→ **Dataset records**:

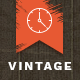 Vintage Waiting - Coming Soon HTML5 Template - ThemeForest Item for Sale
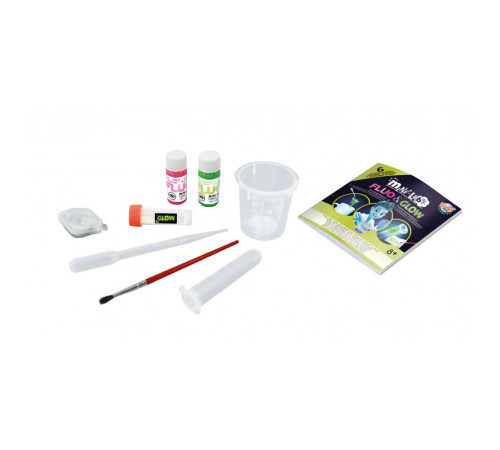 buki bk3011 set de joc "mini laborator fluo & glow"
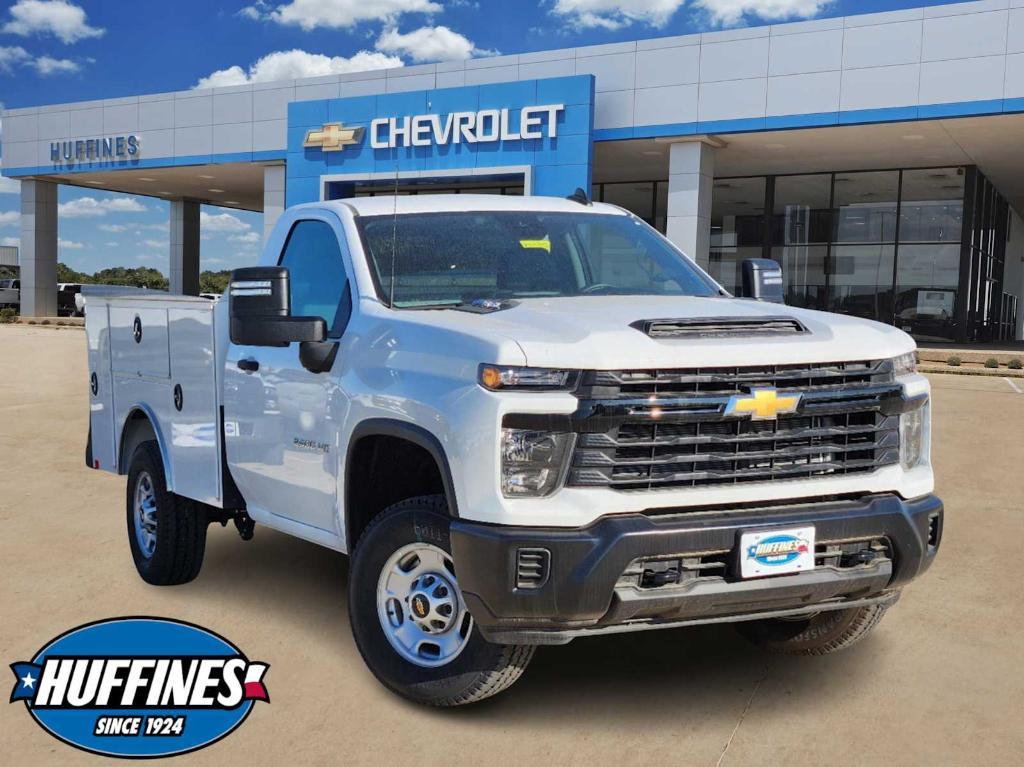 new 2024 Chevrolet Silverado 2500 car, priced at $61,993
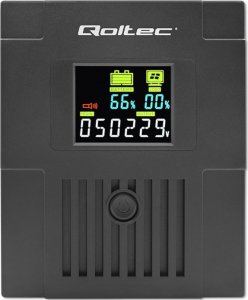 UPS Qoltec Monolith 2000VA USB (53771) 3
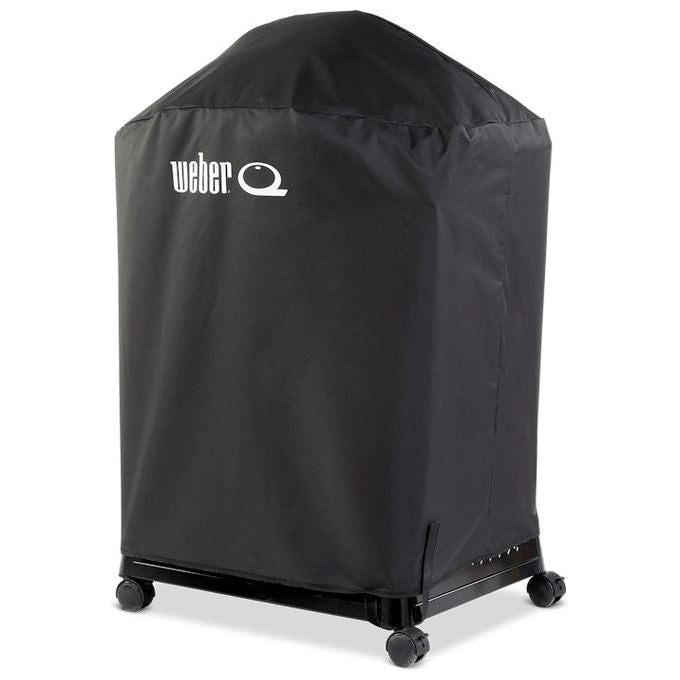 Weber Copertura Barbecue Serie Q1000 e Q2000 Nera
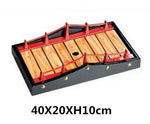 plateau sushi bois moderne bateau sushi assiettes sashimi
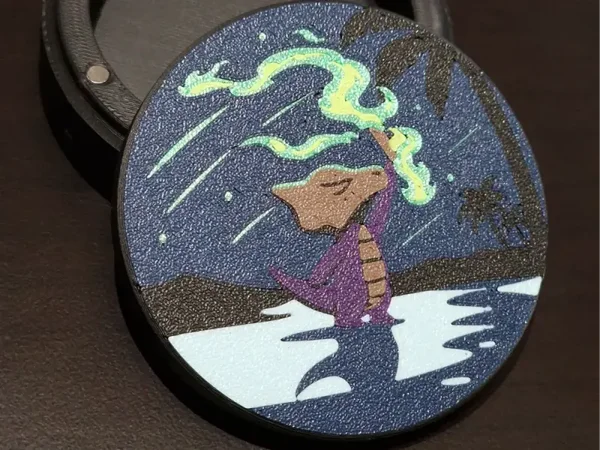 Alolan Marowak - Coaster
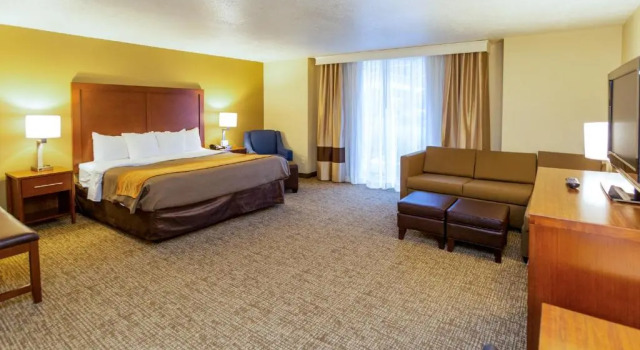 Люкс Comfort Inn Salt Lake City Downtown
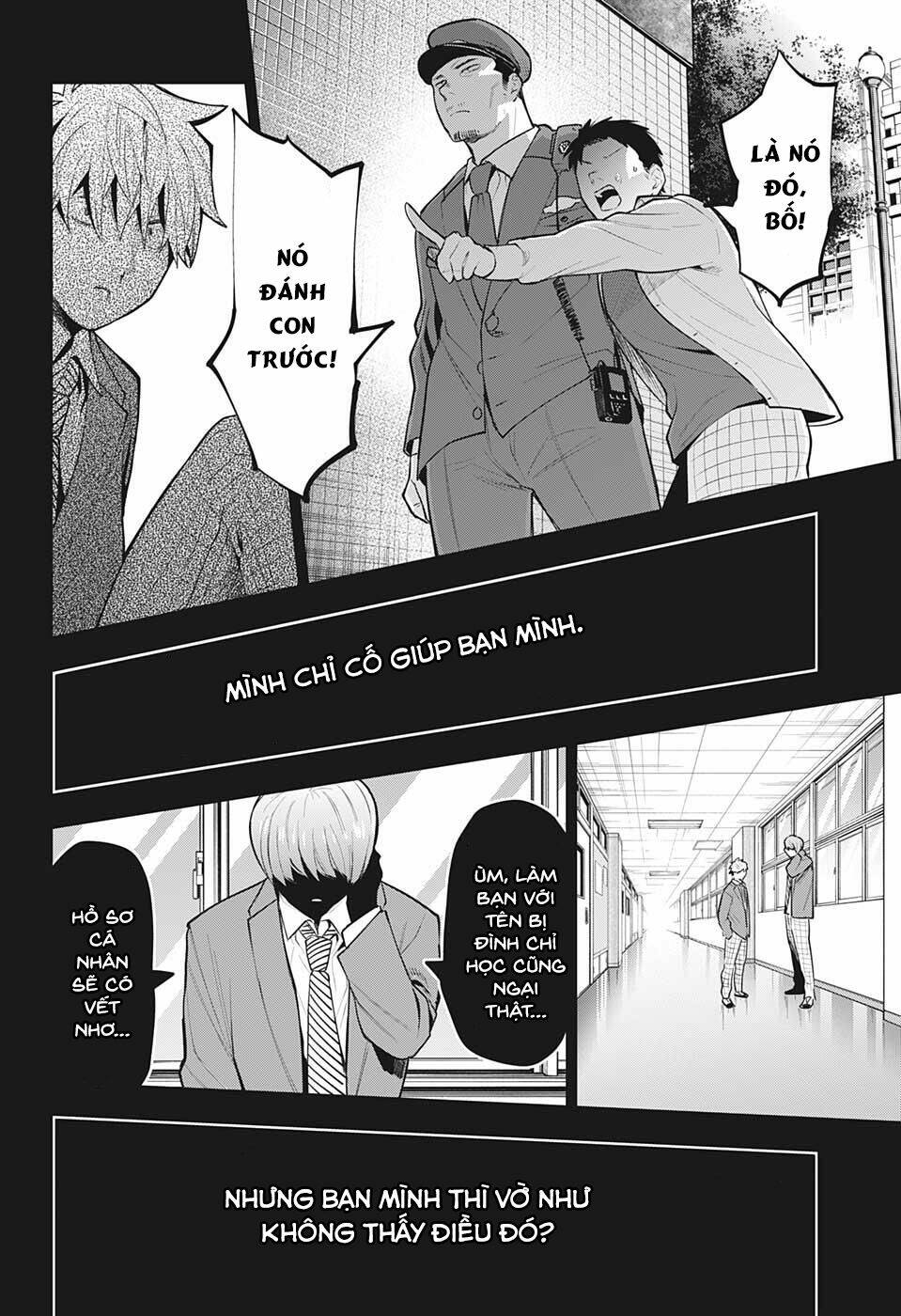 Khi Thám Tử Còn Đáng Sợ Hơn Cả Tội Phạm: Chapter 21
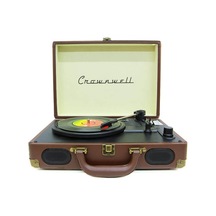 Pikap Çantalı Önden Hoparlörlü Kahverengi Bluetooth Hoparlör Plakçalar C0453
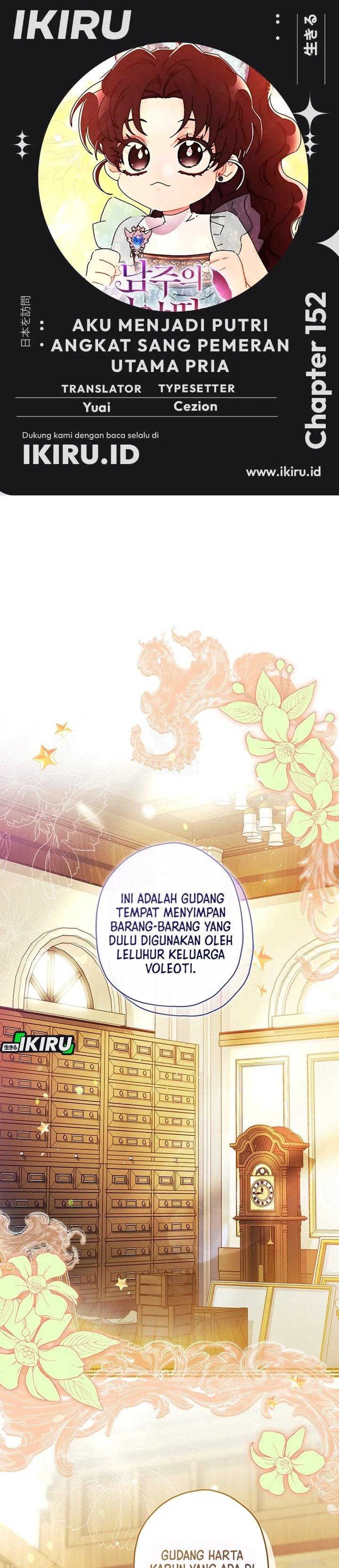 Baca Kill the Male Lead to Become the Villainess - Chapter 152 halaman 1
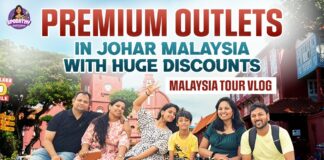 Premium Outlets In Johar Malaysia With Huge Discounts, Premium Outlets, Malaysia, Malaysia Outlets, Malaysia Travel Vlogs, Latest Travel Vlogs, Food Vlog, Healthy Food Recipe, Spoorthy Telugu Vlogs, Spoorthy Food Vlogs, Spoorthy Travel Vlogs, Travel Vlogs, Food Vlogs, Vlogs, Health News, Health Tips, Healthy Food, Healthy Diet, Fitness, Mango News, Mango News Telugu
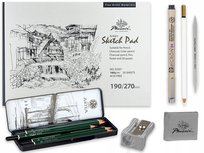 ZESTAW do RYSOWANIA rysunku SZKICOWANIA A5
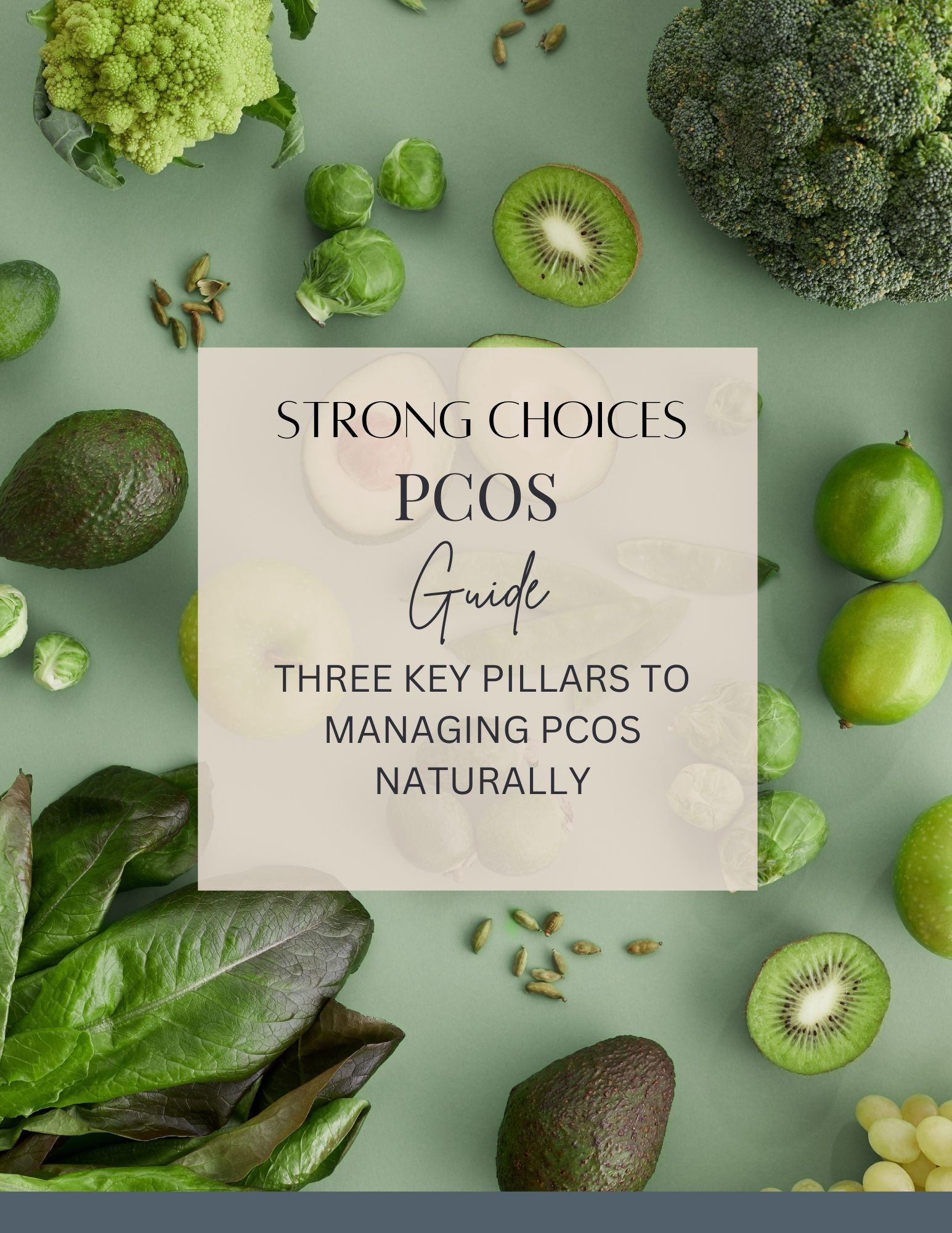 PCOS Guide Naturally manage PCOS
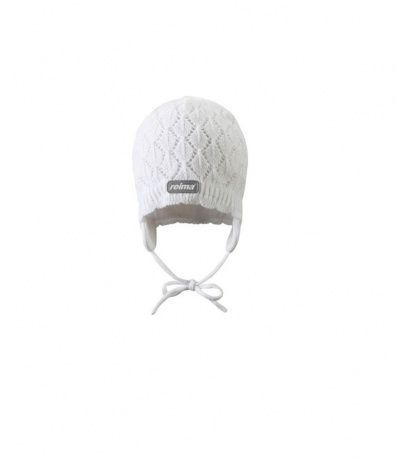 Шапочка Reima®, Jewel white, цвет Белый для девочки по цене от 699
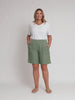 Jordan Linen Short - Khaki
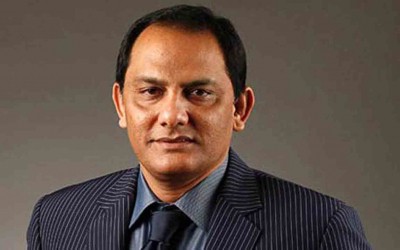 Md Azharuddin has close shave as his car turns turtle in Rajasthan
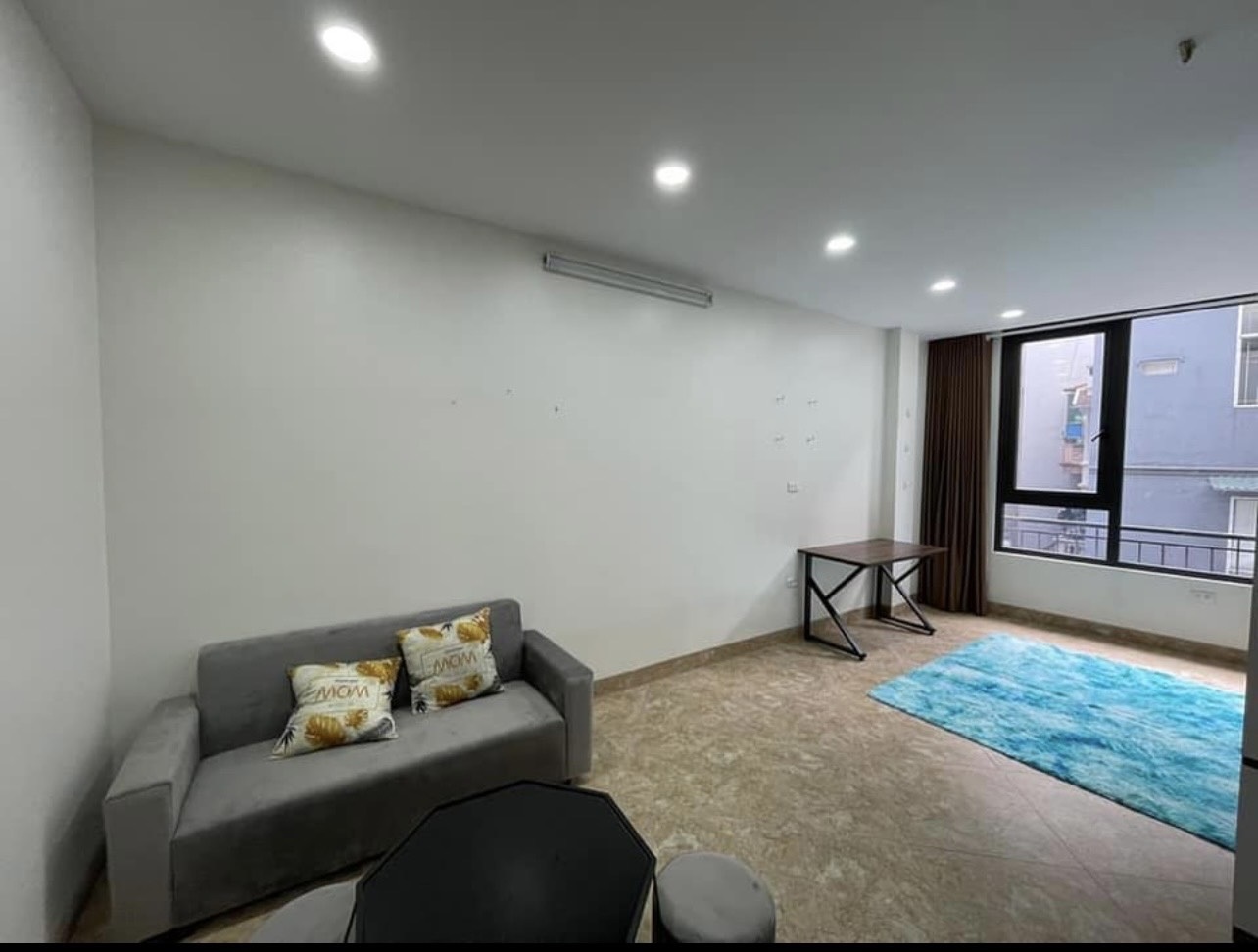 Phòng trọ Studio 35m2 tại TC Home Trần Quốc Vượng - Cầu Giấy - Phòng khách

→ **About this exercise**: Range to print from the listing above: from the line with "Alolan Marowak - Coaster" up to and including the line with "Md Azharuddin has". Please print those lines exactly, with no pictures and nothing more.

→ **Result of this exercise**:
 Alolan Marowak - Coaster
 Люкс Comfort Inn Salt Lake City Downtown
 Khi Thám Tử Còn Đáng Sợ Hơn Cả Tội Phạm: Chapter 21
 Pikap Çantalı Önden Hoparlörlü Kahverengi Bluetooth Hoparlör Plakçalar C0453
 Baca Kill the Male Lead to Become the Villainess - Chapter 152 halaman 1
 Premium Outlets In Johar Malaysia With Huge Discounts, Premium Outlets, Malaysia, Malaysia Outlets, Malaysia Travel Vlogs, Latest Travel Vlogs, Food Vlog, Healthy Food Recipe, Spoorthy Telugu Vlogs, Spoorthy Food Vlogs, Spoorthy Travel Vlogs, Travel Vlogs, Food Vlogs, Vlogs, Health News, Health Tips, Healthy Food, Healthy Diet, Fitness, Mango News, Mango News Telugu
 ZESTAW do RYSOWANIA rysunku SZKICOWANIA A5
 PCOS Guide Naturally manage PCOS
 Шапочка Reima®, Jewel white, цвет Белый для девочки по цене от 699
 Jordan Linen Short - Khaki
 Md Azharuddin has close shave as his car turns turtle in Rajasthan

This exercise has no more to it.